Il arriva vers ce temps, à la cour de Kublaï, des ambassadeurs qui lui étaient envoyés par un prince tartare-mongol, nommé Arghun, qui régnait en Perse : c’était le petit-fils de Houlagou, et par conséquent le petit-neveu du grand Kan. Cet Arghun, ayant perdu sa principale femme, issue du sang impérial, avait promis à cette épouse, lorsqu’elle était au lit de mort, de ne pas faire tort à sa mémoire, en formant une nouvelle alliance avec une autre femme inférieure à elle par la naissance. Pour accomplir ce vœu, et d’après les conseils de sa famille, il envoya donc une ambassade à son seigneur suzerain, pour obtenir de lui une femme de leur famille impériale. Cette demande fut aussitôt accueillie par le grand Kan, qui fit choix d’une princesse âgée de dix-sept ans parmi ses petites filles. Elle se nommait Kogatin, dit la relation, et elle était aussi aimable que belle. Les ambassadeurs, satisfaits des qualités de la jeune fiancée royale, se mirent en route, accompagnés d’une suite nombreuse, pour la conduire en Perse ; mais, après avoir voyagé quelques mois, car, ainsi qu’on l’a déjà fait observer, on ne marche pas vite dans ces contrées, la caravane n’osa plus avancer à cause des troubles qui avaient lieu dans différens états, à la suite des querelles fréquentes qui commençaient à s’élever entre les petits princes tartares. La crainte s’empara tellement des ambassadeurs chargés de conduire la jeune princesse, qu’ils prirent le parti de retourner à la capitale du grand Kan. Ce fut à ce moment et lorsque les envoyés de Perse étaient près de Kublaï, que Marco Polo y arriva aussi, revenant d’un grand voyage qu’il avait fait dans les îles voisines de la Chine. Il soumit à son souverain, selon sa coutume, les observations qu’il avait été à même de faire sur la navigation possible de ces mers. Ces renseignemens parvinrent jusqu’aux oreilles des ambassadeurs persans. Ils espérèrent trouver par cette nouvelle route un moyen plus sûr de regagner leur pays, et s’abouchèrent avec les voyageurs vénitiens. Rapprochées par un intérêt commun, l’ambassade persane et la famille vénitienne s’entendirent pour représenter au grand Kan que l’expérience des chrétiens dans les voyages par mer serait une raison pour qu’on les chargeât de conduire la jeune princesse et l’ambassade par la mer de l’Inde jusqu’au golfe Persique.

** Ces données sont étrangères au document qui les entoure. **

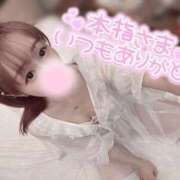 ヒメ日記 2025/04/27 02:13 投稿 舞白のん Mrs. Dandy Haneda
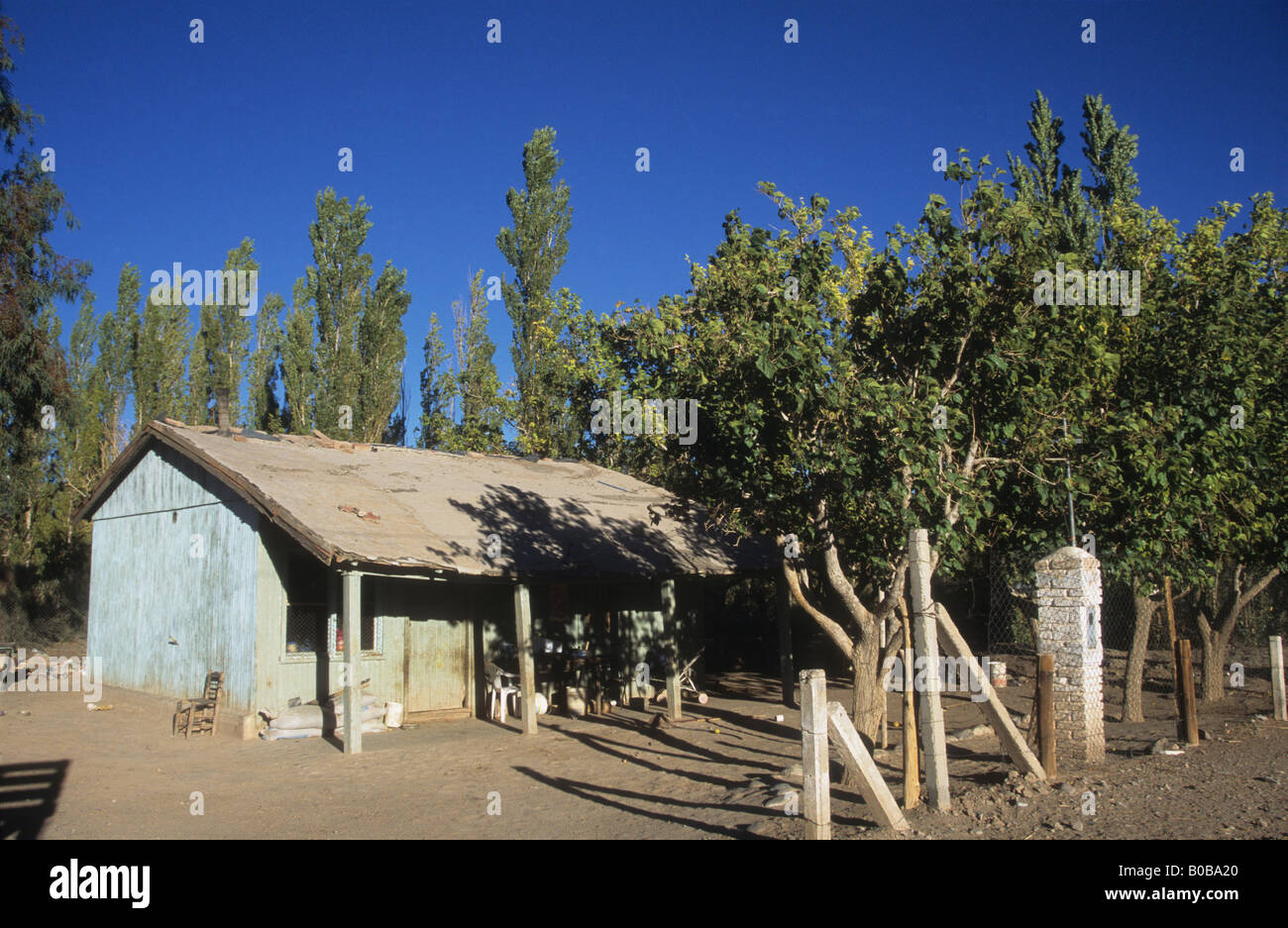 Farm house und Pappeln in der Nähe von Barreal, Calingasta Tal, Argentinien Stockfoto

Quelque contrariété qu’occasionât cette demande à Kublaï, il ne put cependant, à cause de l’impossibilité où les Persans étaient de faire leur voyage par terre, la refuser. On fit donc des préparatifs extraordinaires pour cette expédition ; on équipa quatorze vaisseaux à quatre mâts, dont l’équipage de quelques-uns se montait à deux cent cinquante hommes, et l’on approvisionna cette flotte pour deux ans. Le grand Kan donna des passeports et des lettres de recommandation aux Vénitiens pour tous les lieux soumis à sa puissance ; puis, après leur avoir fait de riches présens en joyaux, il leur dit qu’il comptait sur leur retour et les autorisa à agir comme ses ambassadeurs auprès du pape, des rois de France et d’Espagne et de tous les princes chrétiens.
Cette expédition remarquable mit à la voile vers le commencement de l’an 1291, trois ans avant la mort de Kublaï, et quatre ans avant le retour de Maffio, Nicolo et Marco Polo, à Venise, en 1295. Depuis la rivière Pe-ho qui traverse le district de Pe-King et va se jeter dans la mer Jaune, voici la route que tint la flotte et que trace Marco Polo dans sa relation. Elle toucha d’abord au port de Zaitun dans la province de Fo-Kien, puis passa par l’île de Hai-nan et suivit la côte de Anan ou de la Cochinchine. Après avoir dépassé la côte de Kamboia, on se dirigea vers l’île de Bintan, située à la pointe méridionale de la péninsule Malaise (Malayan). Puis remontant vers le nord-ouest parle détroit que forment cette presqu’île et Sumatra, la flotte, après avoir été arrêtée pendant cinq mois pour attendre un vent favorable, passa près des îles Nicobar et Andamans, et traversa la baie du Bengale, en se dirigeant vers l’île de Ceylan, et de là à Olmuz dans le golfe Persique, où se termina cette grande navigation qui dura dix-huit mois.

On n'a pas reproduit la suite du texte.